Metropolitan Police officers issued 3,282 Traffic Offence Reports (TORs) to drivers suspected of exceeding the limit during April, compared with 1,922 during the same month last year.
A further 14,736 motorists were caught by roadside cameras in the capital during the first full month of lockdown, according to the data obtained by the PA news agency.
Among the other highest speeds recorded in particular zones was 134mph on a 40mph road, 110mph on a 30mph road and 73mph on a 20mph road.
Kent and Derbyshire police forces also recorded year-on-year increases in speeding incidents, up by 53% and 41% respectively.
The majority of forces recorded an overall decrease, amid a significant fall in traffic on the roads of around two-thirds as people were urged to stay at home to limit the spread of COVID-19.
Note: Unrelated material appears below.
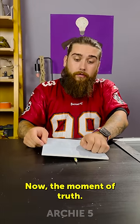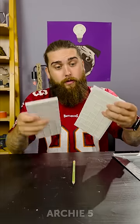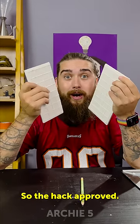Now, a moment of proof. Whoa! It's almost a straight line. So, the hack approved.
However, 13 police forces saw an increase in the speed of the fastest driver caught, including Dyfed-Powys, North Yorkshire, Police Scotland and West Mercia.
Detective Superintendent Andy Cox, of the Met Police, said many of those who were caught breaking speed limits in London did not expect officers to be patrolling the roads for speeding motorists.
"They would actually come out and say ‘we thought you’d be busy dealing with COVID’," he said.
"Maybe some people (tried to take) advantage because congestion was less and thought they’d get away with it."
He said speeding should be seen "as socially unacceptable" as drink-driving.
Many people who would stop a driver getting behind the wheel after drinking too much would not challenge someone over their speed, he said.
"They haven’t quite worked out that a speeding driver is arguably more dangerous," he said.
"I see more fatal and more life-changing collisions through speed than I do through drink-driving.
"I think the social conscience needs to change around it to actually address the issue of speeding because there’s not sufficient social condemnation of someone speeding."